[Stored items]
- Opening Delimiter -

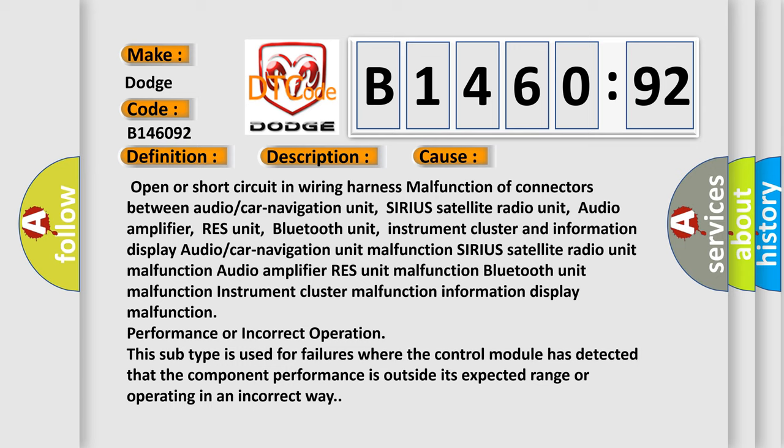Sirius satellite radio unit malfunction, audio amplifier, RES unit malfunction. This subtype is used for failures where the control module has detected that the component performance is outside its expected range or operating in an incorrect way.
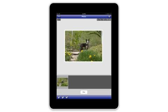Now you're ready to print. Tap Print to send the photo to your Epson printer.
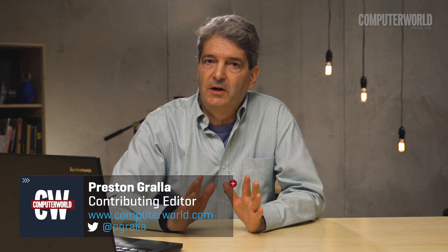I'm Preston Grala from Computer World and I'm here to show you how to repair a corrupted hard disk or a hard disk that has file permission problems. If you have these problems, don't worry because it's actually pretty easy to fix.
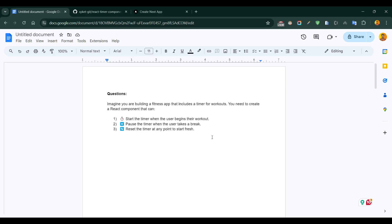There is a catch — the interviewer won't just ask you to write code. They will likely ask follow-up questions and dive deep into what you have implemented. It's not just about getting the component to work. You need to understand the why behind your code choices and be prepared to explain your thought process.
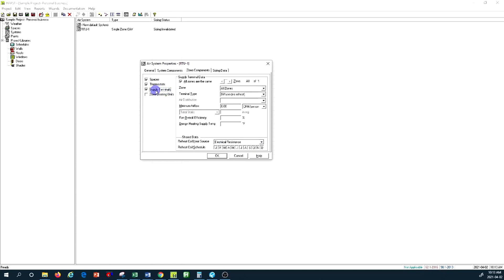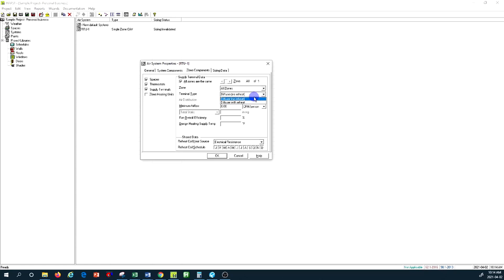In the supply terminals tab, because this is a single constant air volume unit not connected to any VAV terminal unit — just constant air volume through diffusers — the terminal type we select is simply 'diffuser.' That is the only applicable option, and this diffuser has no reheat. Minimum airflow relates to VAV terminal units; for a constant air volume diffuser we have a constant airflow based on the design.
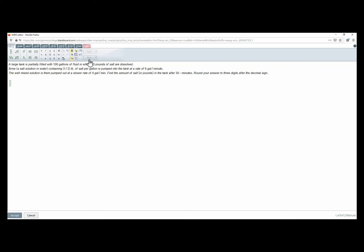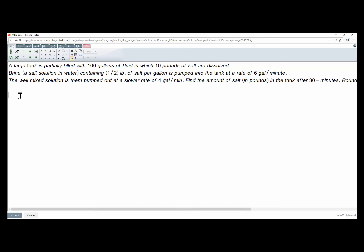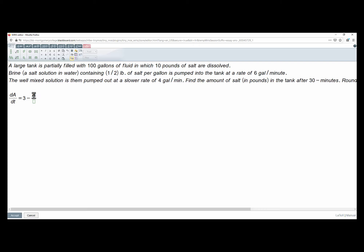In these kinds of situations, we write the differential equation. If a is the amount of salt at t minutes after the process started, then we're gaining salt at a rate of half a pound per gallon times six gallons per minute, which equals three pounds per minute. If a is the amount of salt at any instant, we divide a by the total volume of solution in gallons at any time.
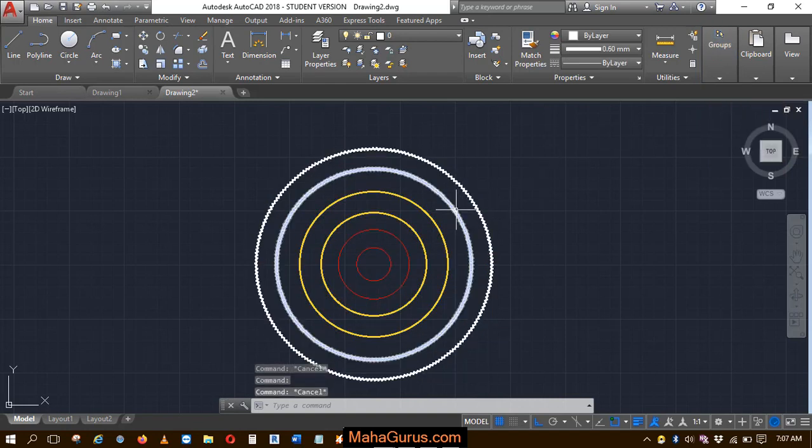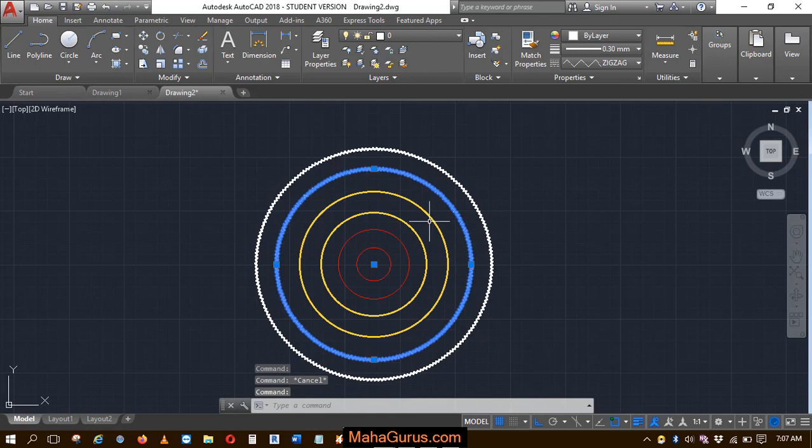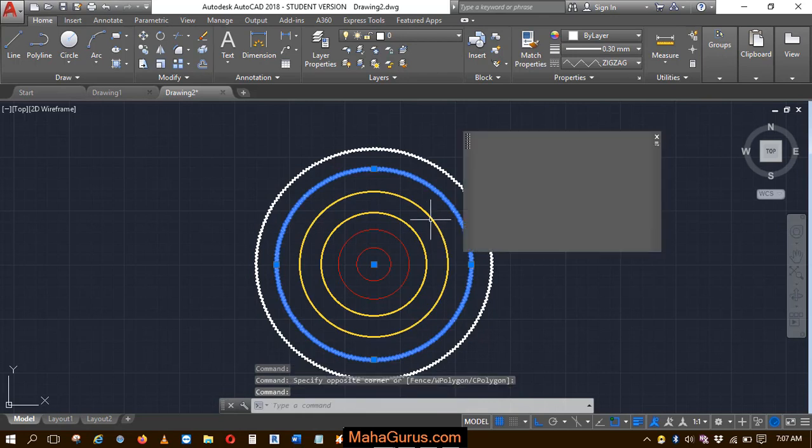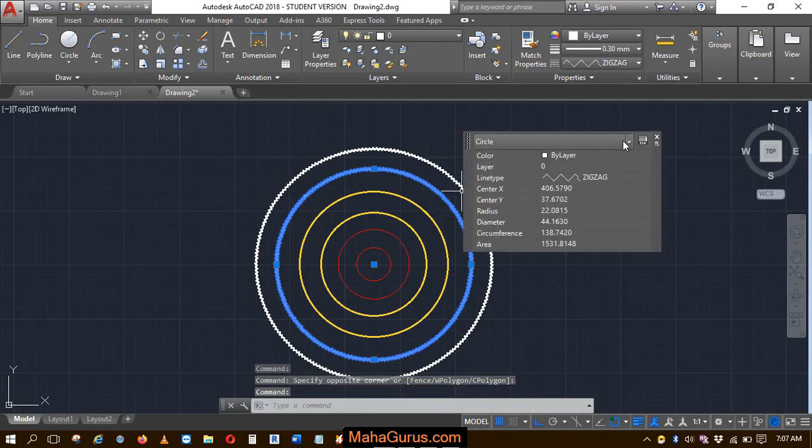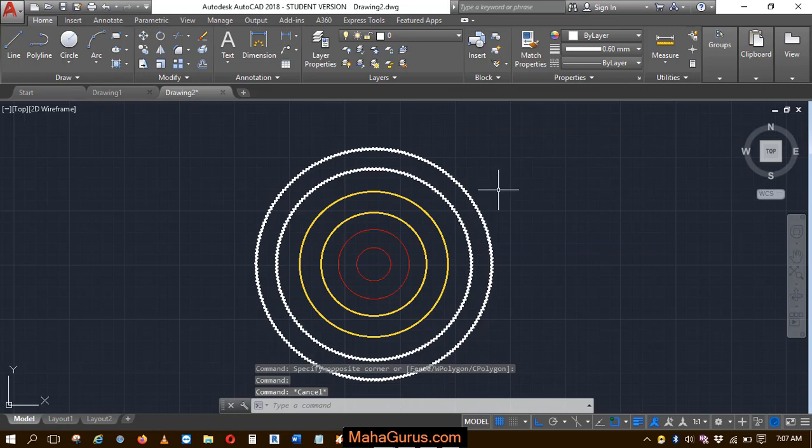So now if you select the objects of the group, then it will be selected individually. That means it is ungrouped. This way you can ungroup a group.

- Closing Delimiter -
- Opening Delimiter -

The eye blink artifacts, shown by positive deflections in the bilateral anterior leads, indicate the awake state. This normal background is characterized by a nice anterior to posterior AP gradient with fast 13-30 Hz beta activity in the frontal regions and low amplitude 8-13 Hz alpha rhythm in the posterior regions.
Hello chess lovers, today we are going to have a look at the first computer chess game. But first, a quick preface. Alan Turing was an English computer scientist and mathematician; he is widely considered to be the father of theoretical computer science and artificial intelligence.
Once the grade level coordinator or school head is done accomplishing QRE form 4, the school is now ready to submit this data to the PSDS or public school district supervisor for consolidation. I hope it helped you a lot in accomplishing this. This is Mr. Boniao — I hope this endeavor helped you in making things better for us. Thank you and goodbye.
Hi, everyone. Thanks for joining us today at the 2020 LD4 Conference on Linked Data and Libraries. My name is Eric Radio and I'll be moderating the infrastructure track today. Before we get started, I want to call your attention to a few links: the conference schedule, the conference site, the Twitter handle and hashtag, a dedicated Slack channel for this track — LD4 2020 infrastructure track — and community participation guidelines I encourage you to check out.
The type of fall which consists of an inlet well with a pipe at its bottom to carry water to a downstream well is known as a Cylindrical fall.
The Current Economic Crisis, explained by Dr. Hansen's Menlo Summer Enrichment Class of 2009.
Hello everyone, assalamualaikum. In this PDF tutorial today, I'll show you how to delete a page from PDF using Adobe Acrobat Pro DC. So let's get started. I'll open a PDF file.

- Closing Delimiter -

* **Your assignment**
Among the entries above, take the lines from the one with "Sirius satellite radio" through the one with "So now if you" and retype them exactly, leaving out the pictures.

* **Reply to the exercise**
Sirius satellite radio unit malfunction, audio amplifier, RES unit malfunction. This subtype is used for failures where the control module has detected that the component performance is outside its expected range or operating in an incorrect way.
Now you're ready to print. Tap Print to send the photo to your Epson printer.
I'm Preston Grala from Computer World and I'm here to show you how to repair a corrupted hard disk or a hard disk that has file permission problems. If you have these problems, don't worry because it's actually pretty easy to fix.
There is a catch — the interviewer won't just ask you to write code. They will likely ask follow-up questions and dive deep into what you have implemented. It's not just about getting the component to work. You need to understand the why behind your code choices and be prepared to explain your thought process.
In the supply terminals tab, because this is a single constant air volume unit not connected to any VAV terminal unit — just constant air volume through diffusers — the terminal type we select is simply 'diffuser.' That is the only applicable option, and this diffuser has no reheat. Minimum airflow relates to VAV terminal units; for a constant air volume diffuser we have a constant airflow based on the design.
In these kinds of situations, we write the differential equation. If a is the amount of salt at t minutes after the process started, then we're gaining salt at a rate of half a pound per gallon times six gallons per minute, which equals three pounds per minute. If a is the amount of salt at any instant, we divide a by the total volume of solution in gallons at any time.
So now if you select the objects of the group, then it will be selected individually. That means it is ungrouped. This way you can ungroup a group.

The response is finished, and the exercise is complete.